The Central Bank of Iran’s (CBI) top policymaker says the unification of Forex dual exchange rates, which was a promising issue during the first run of President Rouhani, will be pragmatic during the 2nd term but the issue has not been finalized and will be pursued during the administration’s second four-year term.
The longstanding plan to adopt a controlled floating rate failed due to what officials refer to as conflicts in international ties. The setback disappointed the country’s private sector and leading business figures who hoped for a single exchange rate policy after the country had reverted to multiple rates when sanctions targeted the country’s financial relations.
“Based on our plans, the unification of foreign exchange rates will be implemented early in the new government,” CBI Governor Valyollah Seif said in the last night interview with the state TV.
He and several other high-ranking officials had projected that the rates would be unified by the end of the previous fiscal year in March, following the implementation of Iran’s nuclear accord with world powers, which promised vastly improved prospects for the Iranian economy.
However, as Seif stressed: “It has taken much longer than anticipated for the Iranian banking system to reconnect with major international counterparts, effectively preventing the rate unification”.

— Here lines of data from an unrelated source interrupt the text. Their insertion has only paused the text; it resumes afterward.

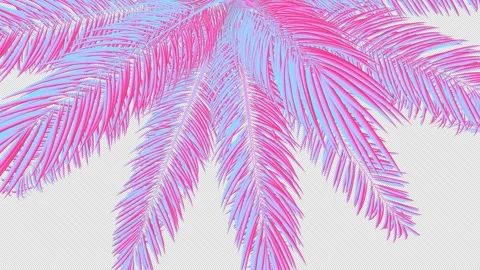 Neon Palm Leaves Stock Footage 309103329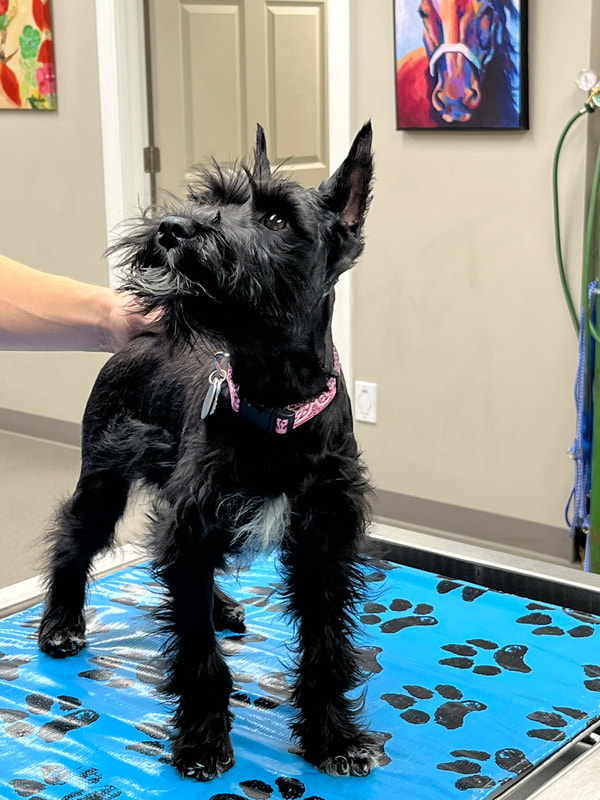 a black dog standing on a blue surface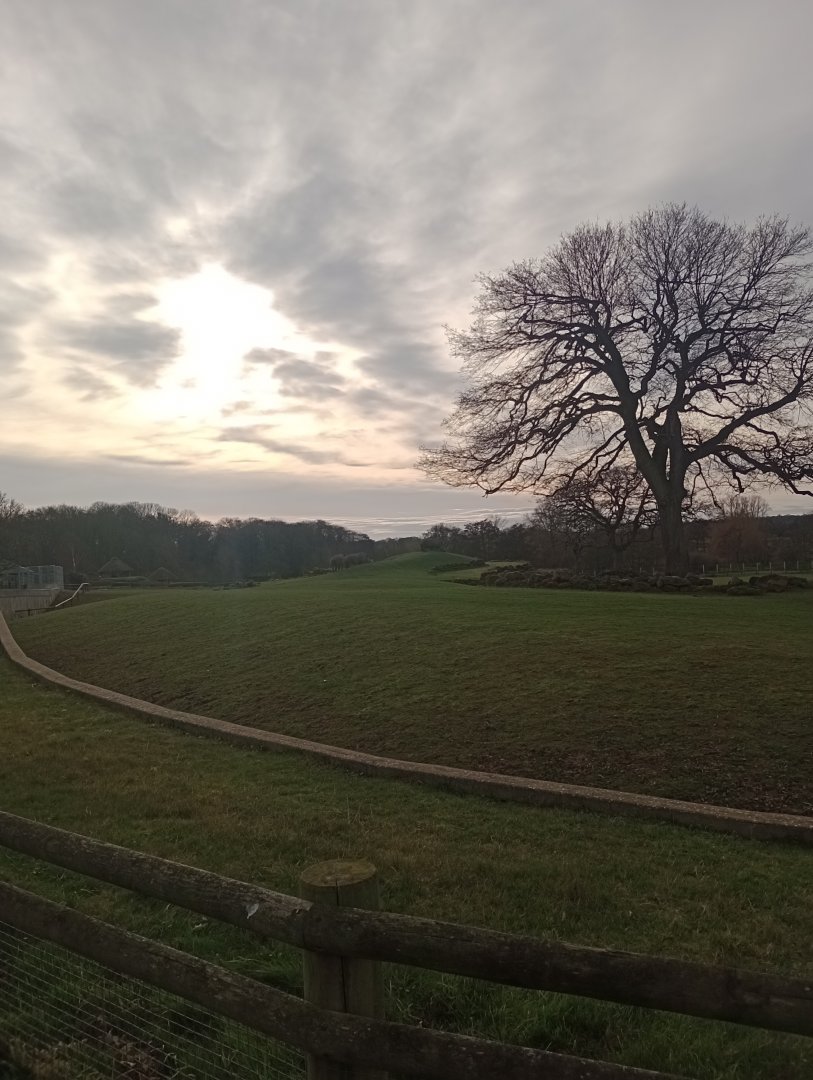 The Plains of Africa panoramic view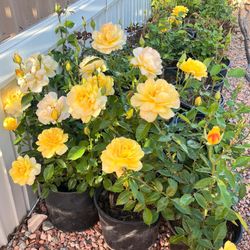 Plantas de rosas y árboles de rosas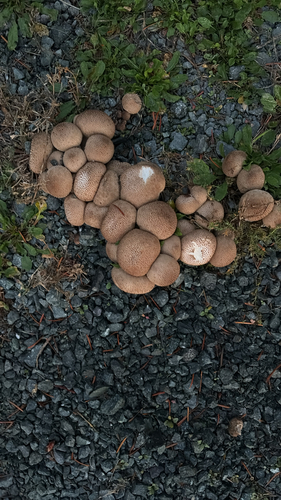 common puffball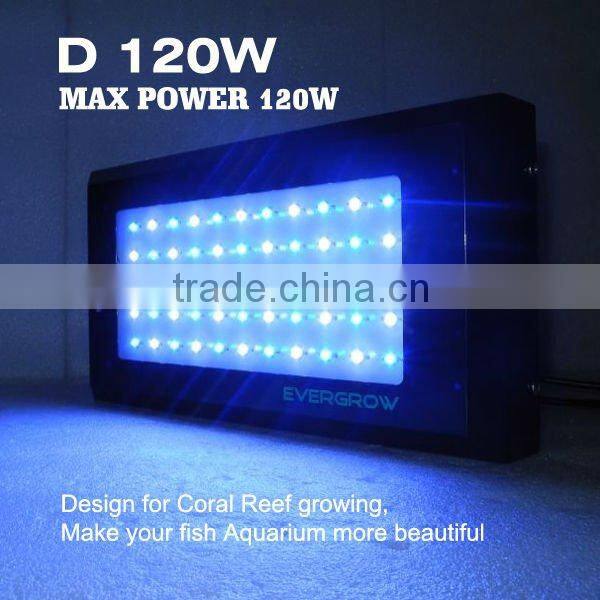 Evergrow d120 120w dimming led aquarium lights and dimmable 165 watt led aquarium lights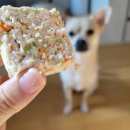 반려동물수제간식만들기 이미지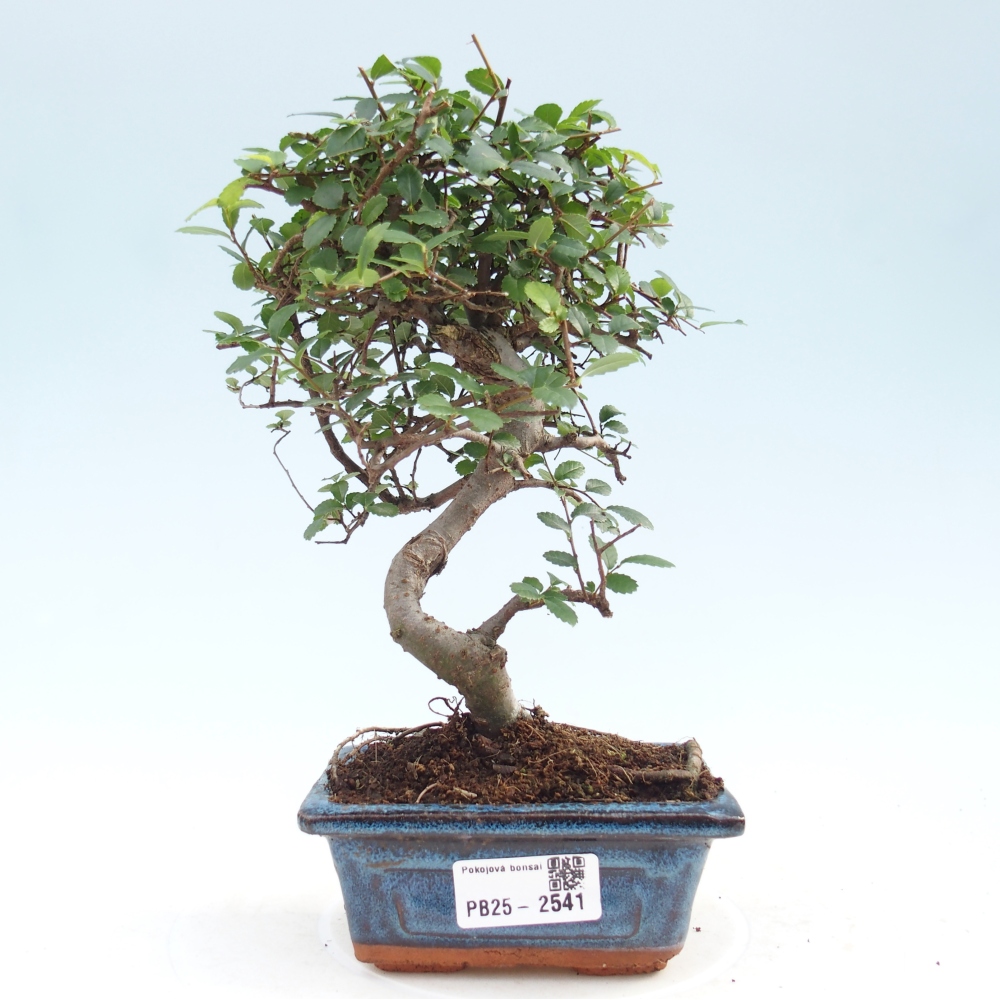 Indoor bonsai - Ulmus parvifolia - Small leaf elm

“We thought that following the nuclear deal, our banking ties would once again stand at a suitable level and we can unify the rates, but the plan is yet to be implemented because it has been delayed as a result of a lack of international ties,” he said.
The CBI chief pointed to the position of Iran with regard to the Financial Action Task Force, the global standard-setting body on combating money laundering and financing of terrorism, which in late July voted to extend the suspension of active countermeasures against Iran indefinitely as it had done a year before.
Seif said the country is continuing measures in line with boosting conformity with FATF standards and predicted that the intergovernmental organization is expected to treat Iran better in its future meetings.